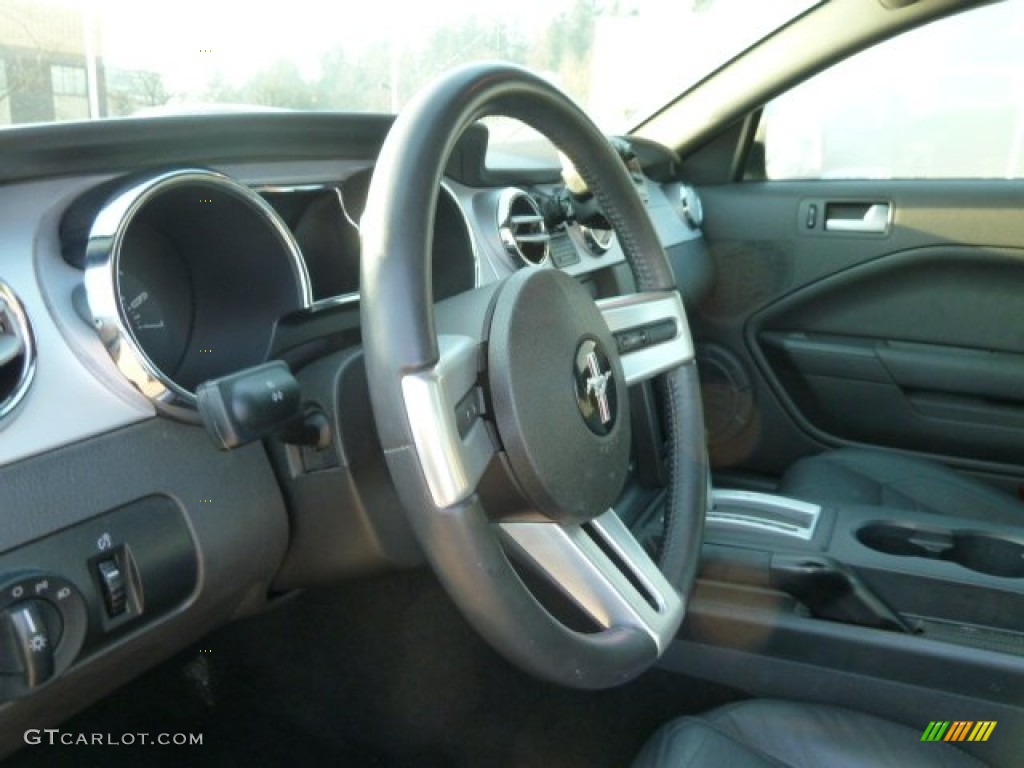 2005 Mustang V6 Premium Coupe - Black / Dark Charcoal photo #15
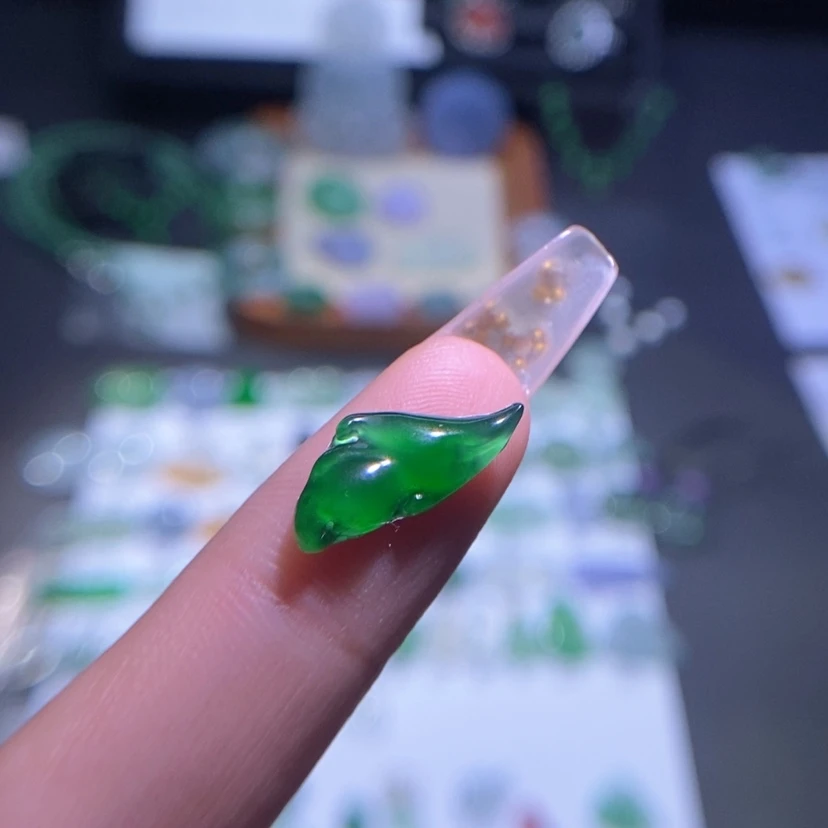 【闪购商品】翡翠挂件未镶嵌叶子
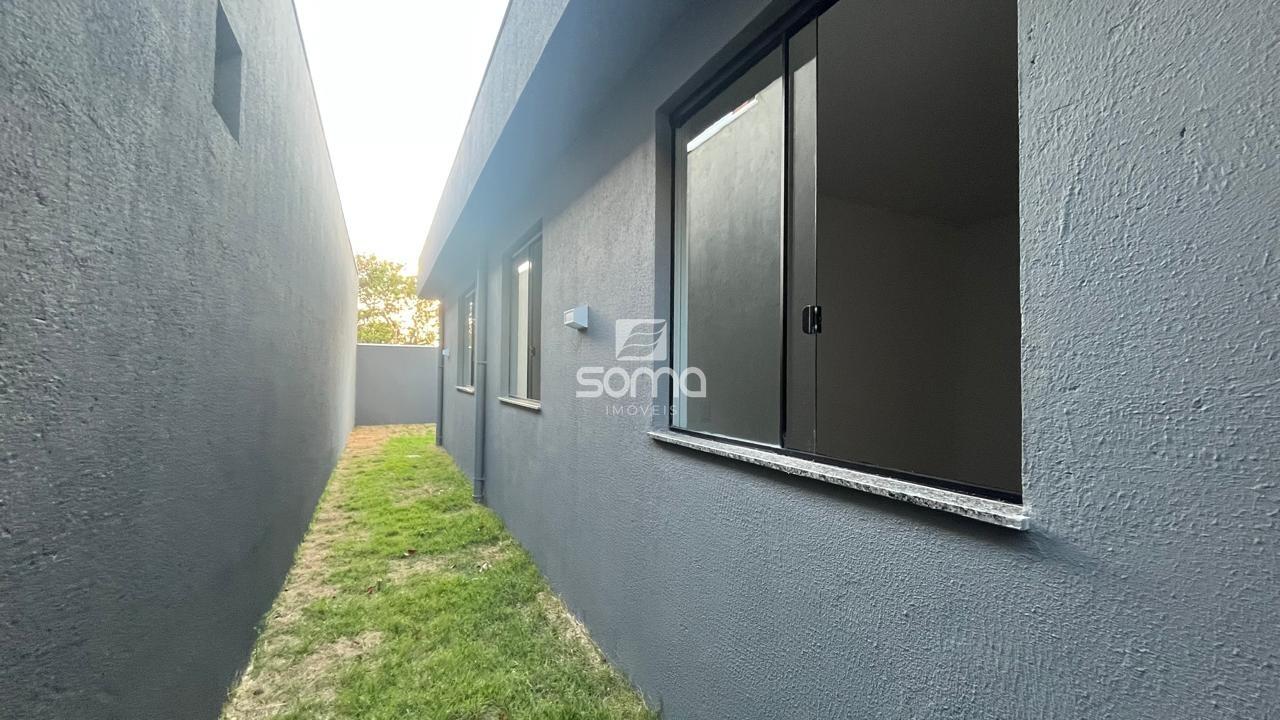 Casa Geminada à venda no Aeronautas:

------------------------

Leave the images out and transcribe the remaining data above word for word.

[PROBLEM SOLUTION]:
 2005 Mustang V6 Premium Coupe - Black / Dark Charcoal photo #15
 【闪购商品】翡翠挂件未镶嵌叶子
 Casa Geminada à venda no Aeronautas:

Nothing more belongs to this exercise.